The RCMP patrol car video shows a driver pulling a holiday trailer along Highway 2 rush by the cruiser and stopped vehicle in the shoulder of the right lane of traffic, driving at excess highway speeds, completely remove the cruiser’s mirror.

“That has got to be the most misunderstood traffic rule in this province for safety,” said Cpl. Jerry Court.

On a four-lane highway such as Highway 2, traffic in the right lane needs to slow to 60 km/h when approaching any emergency vehicle, road workers and tow trucks or safely move to the left lane. Drivers in the left lane should remain at the designated highway speed for safety reasons.

Evident on the video’s Facebook page, some drivers believe it is acceptable to slow to 60 km/h while driving in the left lane. “That causes traffic concerns. It can lead to traffic congestion and rear-end collisions,” said Court.

Court says incidences such as the one in the video happen more frequently than many people think. He spoke of a cruiser in Innisfail that was rear-ended twice in one month during traffic stops while its emergency lights were activated.

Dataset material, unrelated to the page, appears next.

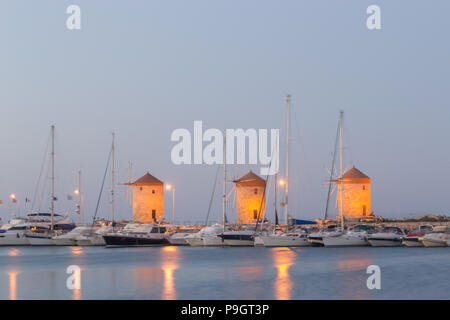 Mulini a vento di Rodi - Wiatraki Rhodes, greco Foto Stock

“Traffic stops pose a significant risk to the officer,” said Court. In some cases they lead to serious injuries and death for the officers.

One of the main causes of traffic stop accidents is people don’t take defensive measures until the last second and, especially if road conditions are slippery, this can causes the driver to lose control of the vehicle.

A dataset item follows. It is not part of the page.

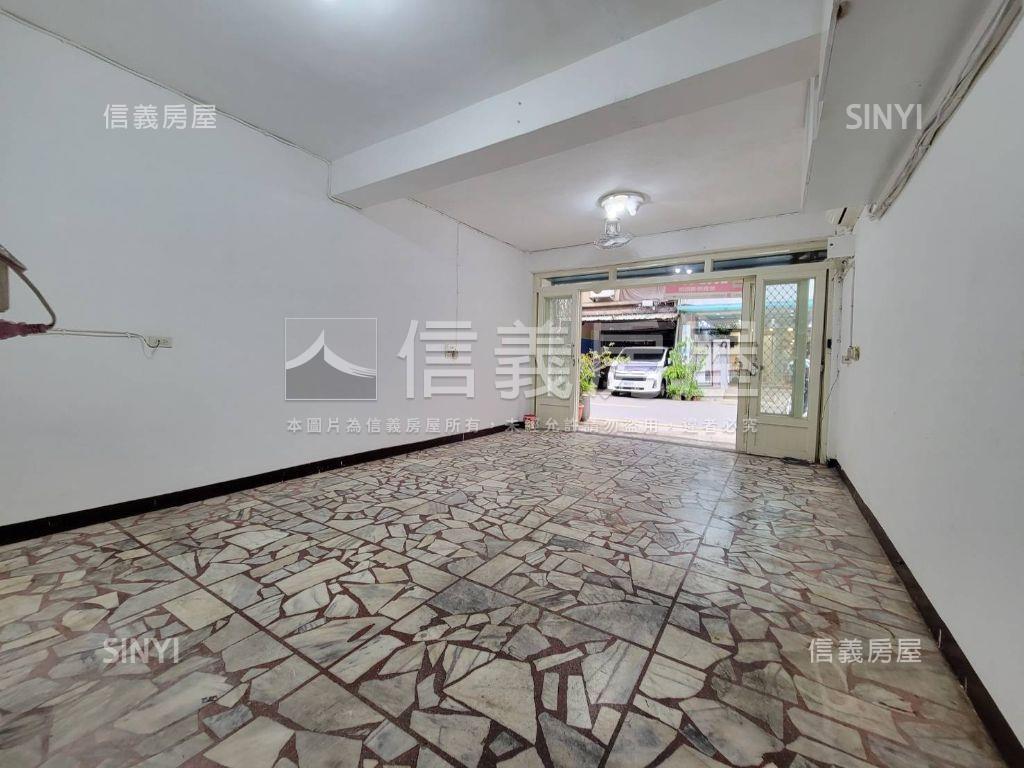 中正路大面寬土地房屋室內格局與周邊環境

“We take traffic safety very seriously and we take traffic stops very seriously. That’s why you sometimes see passenger-side approaches,” said Court.

Drivers who aren’t following safety rules when driving also pose a large threat to roadside workers, who may be subject to the dangerous drivers for several hours. “I believe there was one killed this late summer near Strathmore,” said Court.

“Drive, think. Driving is not a leisure activity,” said Court, who wants to remind drivers to pay attention to the roads at all times while driving “Traffic conditions and road conditions can change in the blink of an eye.”

While it’s illegal to park on the side of the highway unless it’s an emergency, drivers who continue to do so also put themselves at risk. “We have responded to numerous collisions that resulted in fatalities from vehicles being parked on the shoulder,” said Court.

If a driver feels they must pull over, use highway exits because they’re safer due to less traffic volume, or find a designated rest area.

For those experiencing a mechanical breakdown, drivers should move their vehicle as far to the right as possible — off the shoulder of the road.

Court finds many young or inexperienced drivers leave their vehicle still parked partway in the driving lane or straddling the fog line because they believe they will lose control if they move over any farther. “They’re terrified to have their tires leave the road.”

“Everyone thinks the QE2 is a very unsafe highway but they don’t take any precautions, they don’t think ahead,” he added.

The driver who clipped the mirror in the video was charged with careless driving and will appear in Ponoka traffic court in November.